EUV is expensive because there is a mountain of R&D expenses that have been invested into EUV and those expenses must be recaptured in the sale of the tools.
Sell only 10 tools and they will cost you $500m each, sell 100 tools and they might only cost you $100m each.
It is the exact same market economics at work which result in $2B stealth planes and so forth. The cost to produce the widget is not simply the production cost, you have to recapture the development cost.
Which means the question is not "what makes EUV so expensive?"; rather, the question one really means to ask is "what makes EUV
development so expensive?"
And the answer to that comes down to the customer's requirements on the tool's capabilities. Wafer throughput, defectivity, lifetime reliability, etc.
In other words, we are right back to the unavoidable consequences of the math that are captured by the
Project Management Triangle.
^ you can pick any 2 of the 3, but no more than 2.
The customers want all 3, naturally.

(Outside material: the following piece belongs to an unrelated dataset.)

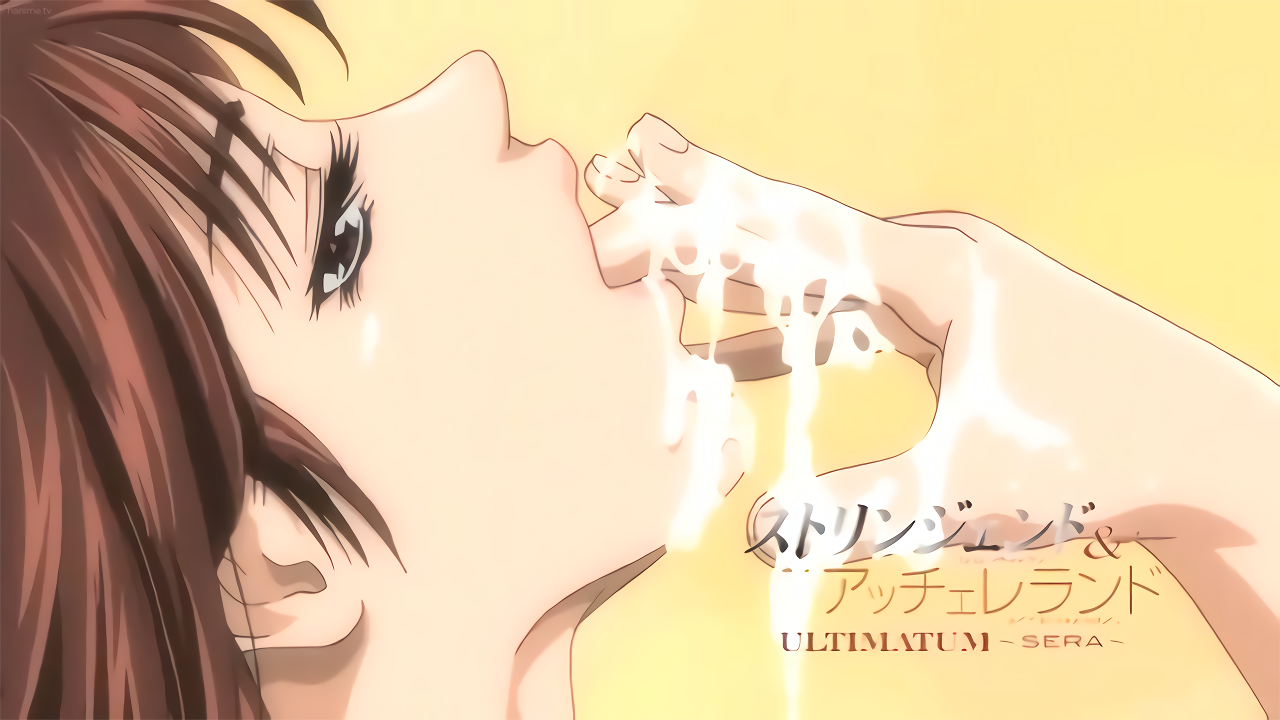 Stringendo & Accelerando Ultimatum Sera Ep 1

But when asked to prioritize them they all insist on EUV being fast (competitive wafer throughput) and good (competitive defectivity, alignment, etc) and that means "cheap" is not happening at time-zero.
Cheap will happen, as more tools are sold over time the price per unit will decrease as EUV tool makers (ASML) recapture a higher and higher percentage of their development costs.
It is very similar to what makes the first few ten thousand 28nm wafers at TSMC cost $7k, but now a year later they only cost $2.5k.